The defendant next argues that the district court erred in denying his section 455 motion because he adequately demonstrated the existence of bias sufficient to warrant disqualification. We disagree. "A recusal motion is committed to the sound discretion of the district judge, and on appeal we ask only whether he has abused his discretion." In re M. Ibrahim Khan, 751 F.2d 162, 165 (6th Cir. 1984).

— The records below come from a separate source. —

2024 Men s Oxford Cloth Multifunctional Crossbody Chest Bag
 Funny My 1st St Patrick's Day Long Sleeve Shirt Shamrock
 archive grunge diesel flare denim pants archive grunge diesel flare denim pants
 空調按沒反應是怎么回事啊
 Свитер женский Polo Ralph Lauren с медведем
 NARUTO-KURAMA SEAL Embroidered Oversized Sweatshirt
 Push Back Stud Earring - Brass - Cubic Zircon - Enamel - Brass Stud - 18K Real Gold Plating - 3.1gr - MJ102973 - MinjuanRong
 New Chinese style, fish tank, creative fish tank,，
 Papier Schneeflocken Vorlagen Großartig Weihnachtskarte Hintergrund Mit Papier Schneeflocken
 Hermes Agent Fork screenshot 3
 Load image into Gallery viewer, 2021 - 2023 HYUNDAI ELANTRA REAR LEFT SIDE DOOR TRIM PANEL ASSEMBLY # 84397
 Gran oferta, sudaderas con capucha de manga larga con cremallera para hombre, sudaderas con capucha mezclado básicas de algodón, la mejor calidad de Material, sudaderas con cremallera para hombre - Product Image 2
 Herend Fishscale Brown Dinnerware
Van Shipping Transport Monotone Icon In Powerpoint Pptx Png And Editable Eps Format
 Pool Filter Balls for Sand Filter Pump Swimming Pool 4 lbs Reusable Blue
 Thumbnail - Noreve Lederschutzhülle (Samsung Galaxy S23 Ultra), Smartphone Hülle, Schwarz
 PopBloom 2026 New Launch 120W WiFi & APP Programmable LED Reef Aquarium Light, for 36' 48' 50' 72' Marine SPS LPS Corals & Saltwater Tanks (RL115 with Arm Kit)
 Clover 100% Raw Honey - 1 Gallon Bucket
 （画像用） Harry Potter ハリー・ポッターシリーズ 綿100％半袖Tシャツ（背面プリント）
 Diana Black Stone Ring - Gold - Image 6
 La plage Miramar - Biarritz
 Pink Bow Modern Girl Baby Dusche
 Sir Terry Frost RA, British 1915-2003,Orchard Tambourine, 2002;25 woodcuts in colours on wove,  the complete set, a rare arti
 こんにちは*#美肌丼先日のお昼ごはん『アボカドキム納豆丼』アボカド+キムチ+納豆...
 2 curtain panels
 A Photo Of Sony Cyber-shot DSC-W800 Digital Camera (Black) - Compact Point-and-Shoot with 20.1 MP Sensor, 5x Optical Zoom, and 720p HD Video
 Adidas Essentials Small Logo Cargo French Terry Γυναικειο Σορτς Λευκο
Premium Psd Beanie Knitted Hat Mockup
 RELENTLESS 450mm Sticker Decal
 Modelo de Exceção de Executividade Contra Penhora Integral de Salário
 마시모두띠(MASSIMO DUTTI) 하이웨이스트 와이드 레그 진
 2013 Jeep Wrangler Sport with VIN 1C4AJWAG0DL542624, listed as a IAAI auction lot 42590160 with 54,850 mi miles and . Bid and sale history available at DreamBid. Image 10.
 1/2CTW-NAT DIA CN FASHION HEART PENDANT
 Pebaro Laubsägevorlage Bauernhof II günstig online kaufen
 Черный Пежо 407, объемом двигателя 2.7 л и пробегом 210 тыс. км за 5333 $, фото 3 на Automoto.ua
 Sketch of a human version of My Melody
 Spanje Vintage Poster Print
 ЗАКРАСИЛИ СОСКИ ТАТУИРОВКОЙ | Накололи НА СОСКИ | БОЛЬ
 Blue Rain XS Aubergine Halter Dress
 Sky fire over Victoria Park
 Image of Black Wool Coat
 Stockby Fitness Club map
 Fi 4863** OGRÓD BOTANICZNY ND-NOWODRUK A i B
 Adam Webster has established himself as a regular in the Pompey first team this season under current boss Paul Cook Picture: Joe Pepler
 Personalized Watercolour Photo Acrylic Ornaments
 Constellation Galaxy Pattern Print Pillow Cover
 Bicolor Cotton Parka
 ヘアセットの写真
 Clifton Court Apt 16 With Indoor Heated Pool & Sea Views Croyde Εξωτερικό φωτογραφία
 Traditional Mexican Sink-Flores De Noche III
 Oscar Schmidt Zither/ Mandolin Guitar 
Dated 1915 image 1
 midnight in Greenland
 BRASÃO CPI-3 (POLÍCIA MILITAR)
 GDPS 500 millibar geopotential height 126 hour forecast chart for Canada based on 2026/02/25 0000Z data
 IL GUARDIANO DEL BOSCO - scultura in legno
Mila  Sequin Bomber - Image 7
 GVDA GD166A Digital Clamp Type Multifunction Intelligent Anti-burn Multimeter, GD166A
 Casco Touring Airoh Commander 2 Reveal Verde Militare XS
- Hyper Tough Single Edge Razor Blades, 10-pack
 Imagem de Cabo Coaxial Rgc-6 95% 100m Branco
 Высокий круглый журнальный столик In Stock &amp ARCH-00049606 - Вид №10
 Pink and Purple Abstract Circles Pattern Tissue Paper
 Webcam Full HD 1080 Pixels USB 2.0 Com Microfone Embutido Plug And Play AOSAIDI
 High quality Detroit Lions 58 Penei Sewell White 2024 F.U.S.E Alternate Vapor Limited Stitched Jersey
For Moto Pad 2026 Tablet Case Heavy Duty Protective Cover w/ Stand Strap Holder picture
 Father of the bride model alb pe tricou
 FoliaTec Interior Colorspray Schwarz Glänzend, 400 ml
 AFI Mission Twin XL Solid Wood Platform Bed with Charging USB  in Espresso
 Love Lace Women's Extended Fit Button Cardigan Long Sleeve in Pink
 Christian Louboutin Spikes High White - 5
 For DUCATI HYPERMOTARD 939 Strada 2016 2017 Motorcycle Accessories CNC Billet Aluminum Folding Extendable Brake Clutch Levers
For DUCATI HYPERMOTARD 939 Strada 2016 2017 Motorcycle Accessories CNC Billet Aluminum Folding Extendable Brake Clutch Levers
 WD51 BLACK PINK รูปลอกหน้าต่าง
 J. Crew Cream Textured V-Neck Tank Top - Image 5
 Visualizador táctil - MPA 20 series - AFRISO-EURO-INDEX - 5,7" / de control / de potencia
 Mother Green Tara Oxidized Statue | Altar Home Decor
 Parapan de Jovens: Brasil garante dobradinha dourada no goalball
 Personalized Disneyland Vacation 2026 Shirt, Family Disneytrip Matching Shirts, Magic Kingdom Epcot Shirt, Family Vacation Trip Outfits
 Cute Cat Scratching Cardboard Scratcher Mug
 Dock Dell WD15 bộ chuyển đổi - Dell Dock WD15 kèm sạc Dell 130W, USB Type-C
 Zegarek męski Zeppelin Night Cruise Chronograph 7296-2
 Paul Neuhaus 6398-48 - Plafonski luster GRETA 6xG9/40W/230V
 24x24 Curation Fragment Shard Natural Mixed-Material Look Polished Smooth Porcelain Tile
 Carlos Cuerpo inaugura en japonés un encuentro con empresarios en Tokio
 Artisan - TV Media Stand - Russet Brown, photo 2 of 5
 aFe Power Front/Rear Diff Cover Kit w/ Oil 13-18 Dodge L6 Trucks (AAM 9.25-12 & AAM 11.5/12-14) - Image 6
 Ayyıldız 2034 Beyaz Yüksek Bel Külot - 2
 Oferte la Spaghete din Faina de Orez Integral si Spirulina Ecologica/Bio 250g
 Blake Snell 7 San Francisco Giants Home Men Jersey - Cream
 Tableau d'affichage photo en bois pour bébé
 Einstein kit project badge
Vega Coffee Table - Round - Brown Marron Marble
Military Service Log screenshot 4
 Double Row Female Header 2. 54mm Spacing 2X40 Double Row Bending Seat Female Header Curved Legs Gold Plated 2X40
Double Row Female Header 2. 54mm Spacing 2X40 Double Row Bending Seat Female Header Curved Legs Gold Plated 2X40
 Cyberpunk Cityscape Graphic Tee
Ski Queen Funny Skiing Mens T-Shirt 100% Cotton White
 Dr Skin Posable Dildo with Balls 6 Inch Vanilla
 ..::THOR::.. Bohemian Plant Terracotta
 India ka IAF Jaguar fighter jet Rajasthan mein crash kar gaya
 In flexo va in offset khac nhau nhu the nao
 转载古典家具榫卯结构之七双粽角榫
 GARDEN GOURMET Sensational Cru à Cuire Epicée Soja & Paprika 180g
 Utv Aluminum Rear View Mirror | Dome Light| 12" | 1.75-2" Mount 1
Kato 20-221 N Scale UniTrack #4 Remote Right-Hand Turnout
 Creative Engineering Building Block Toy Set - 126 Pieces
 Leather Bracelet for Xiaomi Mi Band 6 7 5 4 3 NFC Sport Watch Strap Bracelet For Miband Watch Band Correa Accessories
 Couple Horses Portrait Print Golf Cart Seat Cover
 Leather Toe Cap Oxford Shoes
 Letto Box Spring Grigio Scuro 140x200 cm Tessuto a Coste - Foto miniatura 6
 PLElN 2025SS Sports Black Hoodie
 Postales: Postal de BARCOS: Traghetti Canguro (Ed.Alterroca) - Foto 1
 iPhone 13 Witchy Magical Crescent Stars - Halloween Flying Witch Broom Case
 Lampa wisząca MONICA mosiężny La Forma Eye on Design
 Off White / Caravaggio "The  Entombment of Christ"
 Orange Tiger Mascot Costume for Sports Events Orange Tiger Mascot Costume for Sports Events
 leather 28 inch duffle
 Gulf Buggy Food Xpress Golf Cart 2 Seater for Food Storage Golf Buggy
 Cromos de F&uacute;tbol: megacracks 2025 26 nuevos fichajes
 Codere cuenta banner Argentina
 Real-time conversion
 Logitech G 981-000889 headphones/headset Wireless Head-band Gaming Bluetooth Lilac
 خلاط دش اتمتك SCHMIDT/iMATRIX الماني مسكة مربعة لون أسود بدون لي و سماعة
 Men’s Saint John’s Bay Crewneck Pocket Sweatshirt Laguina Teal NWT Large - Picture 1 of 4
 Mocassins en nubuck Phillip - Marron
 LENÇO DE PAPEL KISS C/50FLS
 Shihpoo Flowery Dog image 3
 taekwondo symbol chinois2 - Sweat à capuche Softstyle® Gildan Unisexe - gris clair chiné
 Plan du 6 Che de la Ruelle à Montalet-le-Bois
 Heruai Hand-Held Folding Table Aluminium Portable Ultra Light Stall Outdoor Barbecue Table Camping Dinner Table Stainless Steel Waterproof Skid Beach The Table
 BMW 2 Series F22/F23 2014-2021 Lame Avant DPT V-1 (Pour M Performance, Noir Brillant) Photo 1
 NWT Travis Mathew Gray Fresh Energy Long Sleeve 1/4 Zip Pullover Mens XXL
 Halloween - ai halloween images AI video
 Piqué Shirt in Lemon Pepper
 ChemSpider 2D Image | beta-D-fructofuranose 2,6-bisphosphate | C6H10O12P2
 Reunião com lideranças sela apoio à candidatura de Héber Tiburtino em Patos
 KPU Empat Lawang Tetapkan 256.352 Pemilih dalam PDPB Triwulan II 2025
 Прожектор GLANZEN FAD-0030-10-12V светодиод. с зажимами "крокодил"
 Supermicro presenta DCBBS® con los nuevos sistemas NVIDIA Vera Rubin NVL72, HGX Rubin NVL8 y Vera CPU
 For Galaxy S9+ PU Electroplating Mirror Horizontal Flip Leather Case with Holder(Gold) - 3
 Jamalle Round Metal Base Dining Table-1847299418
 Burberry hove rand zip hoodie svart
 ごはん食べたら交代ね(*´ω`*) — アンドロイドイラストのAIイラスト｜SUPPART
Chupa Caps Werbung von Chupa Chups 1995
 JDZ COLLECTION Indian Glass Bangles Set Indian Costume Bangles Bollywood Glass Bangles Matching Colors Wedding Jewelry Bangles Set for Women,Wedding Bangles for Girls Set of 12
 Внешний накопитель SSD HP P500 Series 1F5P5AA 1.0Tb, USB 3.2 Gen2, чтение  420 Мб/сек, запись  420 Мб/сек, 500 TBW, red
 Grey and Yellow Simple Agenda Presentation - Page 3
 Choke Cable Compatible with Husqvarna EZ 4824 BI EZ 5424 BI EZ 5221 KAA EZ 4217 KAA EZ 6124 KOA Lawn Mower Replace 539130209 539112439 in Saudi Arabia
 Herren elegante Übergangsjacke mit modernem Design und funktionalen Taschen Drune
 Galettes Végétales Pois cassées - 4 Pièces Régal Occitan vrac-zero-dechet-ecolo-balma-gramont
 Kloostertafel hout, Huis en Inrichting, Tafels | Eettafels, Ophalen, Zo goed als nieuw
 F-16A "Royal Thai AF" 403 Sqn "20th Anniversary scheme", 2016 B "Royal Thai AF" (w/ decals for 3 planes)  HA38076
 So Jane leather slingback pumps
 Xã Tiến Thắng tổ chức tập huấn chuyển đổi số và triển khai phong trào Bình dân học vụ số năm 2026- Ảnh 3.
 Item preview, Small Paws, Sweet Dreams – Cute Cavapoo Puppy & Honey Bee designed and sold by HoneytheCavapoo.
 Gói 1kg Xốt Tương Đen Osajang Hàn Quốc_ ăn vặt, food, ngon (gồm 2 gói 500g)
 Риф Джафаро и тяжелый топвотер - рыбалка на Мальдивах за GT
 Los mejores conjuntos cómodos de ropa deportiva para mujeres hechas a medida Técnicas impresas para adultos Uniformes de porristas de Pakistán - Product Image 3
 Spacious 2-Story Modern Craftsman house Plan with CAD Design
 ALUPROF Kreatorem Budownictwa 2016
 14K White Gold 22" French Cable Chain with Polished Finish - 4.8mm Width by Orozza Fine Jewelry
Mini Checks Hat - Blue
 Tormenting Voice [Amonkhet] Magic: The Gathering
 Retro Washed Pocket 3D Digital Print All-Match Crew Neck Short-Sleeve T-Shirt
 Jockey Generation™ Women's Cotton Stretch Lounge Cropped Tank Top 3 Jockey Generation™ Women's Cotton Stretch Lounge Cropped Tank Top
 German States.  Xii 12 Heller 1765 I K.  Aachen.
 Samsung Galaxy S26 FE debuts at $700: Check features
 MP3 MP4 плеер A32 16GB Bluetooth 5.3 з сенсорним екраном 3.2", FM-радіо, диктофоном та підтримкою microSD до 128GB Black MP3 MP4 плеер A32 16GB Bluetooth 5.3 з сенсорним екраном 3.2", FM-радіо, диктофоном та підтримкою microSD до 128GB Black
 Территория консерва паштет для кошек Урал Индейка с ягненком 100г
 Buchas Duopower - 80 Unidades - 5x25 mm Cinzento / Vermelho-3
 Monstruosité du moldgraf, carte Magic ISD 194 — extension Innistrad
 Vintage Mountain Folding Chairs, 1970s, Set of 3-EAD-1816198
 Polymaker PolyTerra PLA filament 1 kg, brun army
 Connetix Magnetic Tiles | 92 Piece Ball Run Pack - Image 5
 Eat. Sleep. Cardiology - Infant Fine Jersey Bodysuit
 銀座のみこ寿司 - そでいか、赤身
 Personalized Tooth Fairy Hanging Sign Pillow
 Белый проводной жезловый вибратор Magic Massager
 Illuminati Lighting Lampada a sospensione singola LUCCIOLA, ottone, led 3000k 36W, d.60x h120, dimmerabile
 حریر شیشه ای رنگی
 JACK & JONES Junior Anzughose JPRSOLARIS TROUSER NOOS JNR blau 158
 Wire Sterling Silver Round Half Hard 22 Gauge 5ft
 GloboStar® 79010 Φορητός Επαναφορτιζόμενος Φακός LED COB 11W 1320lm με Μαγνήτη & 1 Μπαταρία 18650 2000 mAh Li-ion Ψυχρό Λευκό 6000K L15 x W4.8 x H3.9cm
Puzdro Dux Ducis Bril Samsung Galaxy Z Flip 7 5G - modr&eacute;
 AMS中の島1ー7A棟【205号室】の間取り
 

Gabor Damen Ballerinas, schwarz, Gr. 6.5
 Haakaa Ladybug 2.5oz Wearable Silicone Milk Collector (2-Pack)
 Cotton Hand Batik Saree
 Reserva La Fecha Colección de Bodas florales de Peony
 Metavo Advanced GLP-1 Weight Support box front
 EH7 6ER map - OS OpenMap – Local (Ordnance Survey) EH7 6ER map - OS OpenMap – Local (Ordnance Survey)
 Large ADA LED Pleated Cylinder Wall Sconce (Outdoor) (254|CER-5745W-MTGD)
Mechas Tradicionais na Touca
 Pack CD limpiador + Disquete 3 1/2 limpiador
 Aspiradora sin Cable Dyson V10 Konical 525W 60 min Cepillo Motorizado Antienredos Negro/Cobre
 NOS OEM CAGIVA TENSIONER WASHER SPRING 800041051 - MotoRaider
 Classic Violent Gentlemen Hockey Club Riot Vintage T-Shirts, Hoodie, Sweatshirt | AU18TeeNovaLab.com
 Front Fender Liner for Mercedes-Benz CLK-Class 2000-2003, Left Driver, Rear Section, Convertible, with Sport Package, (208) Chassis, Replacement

Under 28 U.S.C. § 455(a) a judge must disqualify himself "in any proceeding in which his impartiality might reasonably be questioned." Subsection (a) establishes an objective standard "so that a judge should disqualify himself only if there is a reasonable factual basis for doubting his impartiality." In re M. Ibrahim Khan, 751 F.2d at 164; Roberts v. Bailar, 625 F.2d at 129. Prejudice or bias sufficient to justify recusal must be personal or extrajudicial. In re M. Ibrahim Khan, 751 F.2d at 164. "Personal bias is prejudice that emanates from some source other than participation in the proceedings or prior contact with related cases." United States v. Nelson, 922 F.2d 311, 319-20 (6th Cir. 1990), cert. denied, 111 S. Ct. 1635 (1991). Personal bias may arise from the judge's background or associations which "results in an opinion on the merits on some basis other than what the judge learned from participation in the case." Id. Personal bias finding its source in the judge's view of the law is not sufficient to warrant disqualification. United States v. Story, 716 F.2d 1088, 1090 (6th Cir. 1983).

In the case at bar, Hatchett cites as evidence of the judge's personal bias the following occurrences: (1) the harsh three year jail sentence; (2) the cancellation of bond and the subsequent reversal of the cancellation; and, (3) the refusal to grant Hatchett's motion to extend the time to report to prison. However, these examples of alleged bias cannot be considered personal or extrajudicial, that is, coming from a source other than participation in the case. Because Hatchett's recusal motion focuses entirely on judicial matters arising from this action, we believe that the district court properly refused to grant the defendant's section 455 motion.

Defendant argues, however, that an extrajudicial source for the bias need not be demonstrated where the bias is pervasive. Indeed, this circuit seems to have adopted such an exception for pervasive bias. In re M. Ibrahim Khan, 751 F.2d at 164: United States v. Porter, 701 F.2d 1158, 1166 (6th Cir.) ("Impressions based on information gained in the proceedings are not grounds for disqualification in the absence of pervasive bias."), cert. denied, 464 U.S. 1007 (1983). The defendant, however, has failed to convince us that the district court's handling of this matter was tainted by pervasive bias. Therefore, the motion to disqualify was properly denied.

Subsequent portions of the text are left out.